“There Is An Immense—But Mostly Invisible—Cost To The Embrace Of Big Data By The Intelligence Community”

Big Data as applied to terrorism (and more banal matters) is useful because it provides predictive behavior patterns without spending time and resources on locating the cause of the behavior. But should we abandon cause and just be concerned with potential effect? From Evgeny Morozov at Slate:

The end of theory, which Chris Anderson predicted in Wired a few years ago, has reached the intelligence community: Just like Google doesn’t need to know why some sites get more links from other sites—securing a better place on its search results as a result—the spies do not need to know why some people behave like terrorists. Acting like a terrorist is good enough.
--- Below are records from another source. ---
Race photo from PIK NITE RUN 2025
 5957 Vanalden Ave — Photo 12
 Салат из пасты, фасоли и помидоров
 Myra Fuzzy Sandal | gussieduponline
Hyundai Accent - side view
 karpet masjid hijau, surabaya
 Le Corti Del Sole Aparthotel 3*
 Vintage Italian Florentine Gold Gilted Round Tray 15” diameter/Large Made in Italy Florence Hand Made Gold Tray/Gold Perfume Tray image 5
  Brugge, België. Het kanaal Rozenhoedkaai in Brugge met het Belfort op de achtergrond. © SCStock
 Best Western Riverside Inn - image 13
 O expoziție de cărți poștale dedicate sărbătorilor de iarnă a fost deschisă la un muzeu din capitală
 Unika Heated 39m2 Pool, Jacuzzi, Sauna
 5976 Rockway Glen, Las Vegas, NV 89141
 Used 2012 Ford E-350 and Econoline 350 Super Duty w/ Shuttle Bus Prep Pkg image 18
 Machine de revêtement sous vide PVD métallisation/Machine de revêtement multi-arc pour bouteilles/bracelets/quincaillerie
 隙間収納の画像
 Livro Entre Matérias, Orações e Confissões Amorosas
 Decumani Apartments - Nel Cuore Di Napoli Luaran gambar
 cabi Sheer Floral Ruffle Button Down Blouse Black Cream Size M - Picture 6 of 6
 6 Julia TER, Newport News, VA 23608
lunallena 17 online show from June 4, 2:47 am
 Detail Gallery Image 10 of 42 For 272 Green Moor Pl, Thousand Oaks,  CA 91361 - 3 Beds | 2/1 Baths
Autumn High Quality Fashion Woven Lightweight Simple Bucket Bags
As the media academic Mark Andrejevic points out in Infoglut, his new book on the political implications of information overload, there is an immense—but mostly invisible—cost to the embrace of Big Data by the intelligence community (and by just about everyone else in both the public and private sectors). That cost is the devaluation of individual and institutional comprehension, epitomized by our reluctance to investigate the causes of actions and jump straight to dealing with their consequences. But, argues Andrejevic, while Google can afford to be ignorant, public institutions cannot. 

‘If the imperative of data mining is to continue to gather more data about everything,’ he writes, ‘its promise is to put this data to work, not necessarily to make sense of it. Indeed, the goal of both data mining and predictive analytics is to generate useful patterns that are far beyond the ability of the human mind to detect or even explain.’ In other words, we don’t need to inquire why things are the way they are as long as we can affect them to be the way we want them to be. This is rather unfortunate. The abandonment of comprehension as a useful public policy goal would make serious political reforms impossible.

Forget terrorism for a moment. Take more mundane crime. Why does crime happen? Well, you might say that it’s because youths don’t have jobs. Or you might say that’s because the doors of our buildings are not fortified enough. Given some limited funds to spend, you can either create yet another national employment program or you can equip houses with even better cameras, sensors, and locks. What should you do?

If you’re a technocratic manager, the answer is easy: Embrace the cheapest option.”